A word-for-word copy of the records that follow is needed, with every picture omitted.
·····
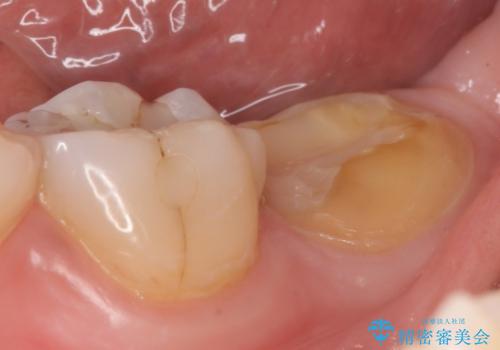 ゴールドクラウン(PGAクラウン)　隙間のない歯の補綴の治療前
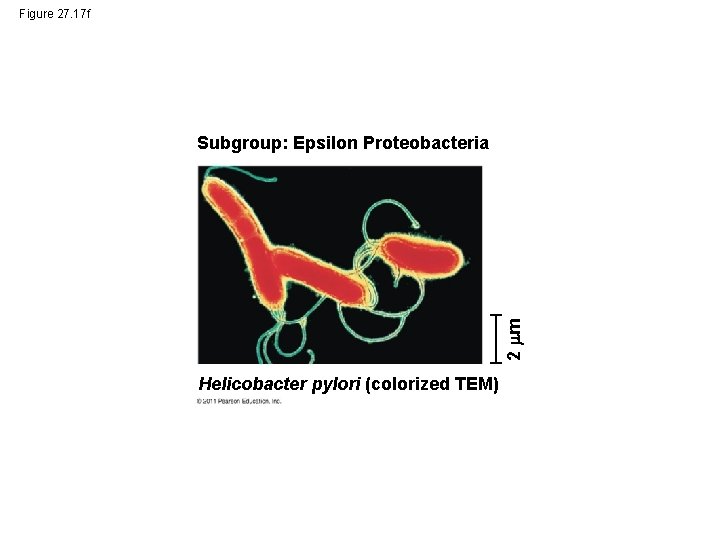 Figure 27. 17 f 2 m Subgroup: Epsilon Proteobacteria Helicobacter pylori (colorized TEM) 
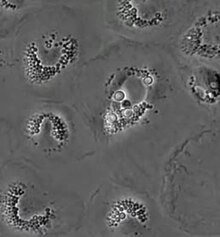 Datei: Vomozytose von Cryptococcus neoformans aus einem Vogelmakrophagen.webm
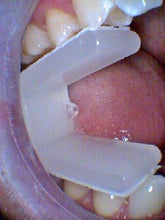 Load image into Gallery viewer, NU-BLOCK - 100 Disposable Mouth Props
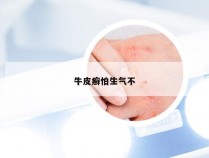 牛皮癣怕生气不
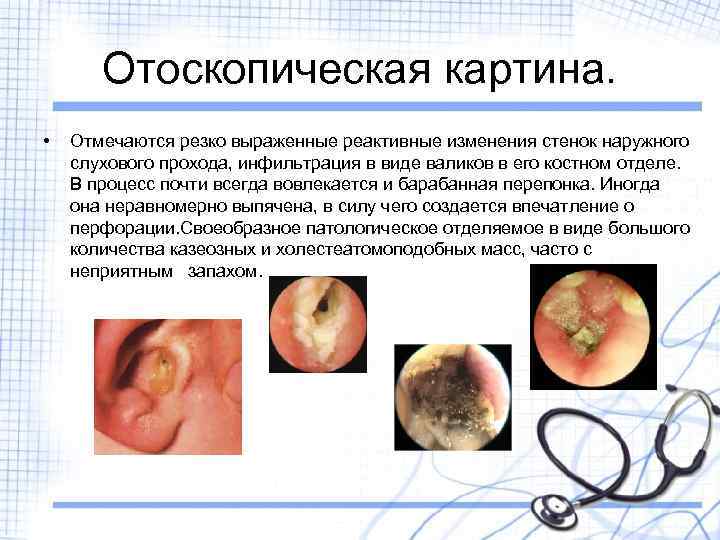Отоскопическая картина. • Отмечаются резко выраженные реактивные изменения стенок наружного слухового прохода, инфильтрация в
·····
Answer to this exercise:
 ゴールドクラウン(PGAクラウン)　隙間のない歯の補綴の治療前
 Figure 27. 17 f 2 m Subgroup: Epsilon Proteobacteria Helicobacter pylori (colorized TEM) 
 Datei: Vomozytose von Cryptococcus neoformans aus einem Vogelmakrophagen.webm
 Load image into Gallery viewer, NU-BLOCK - 100 Disposable Mouth Props
 牛皮癣怕生气不
Отоскопическая картина. • Отмечаются резко выраженные реактивные изменения стенок наружного слухового прохода, инфильтрация в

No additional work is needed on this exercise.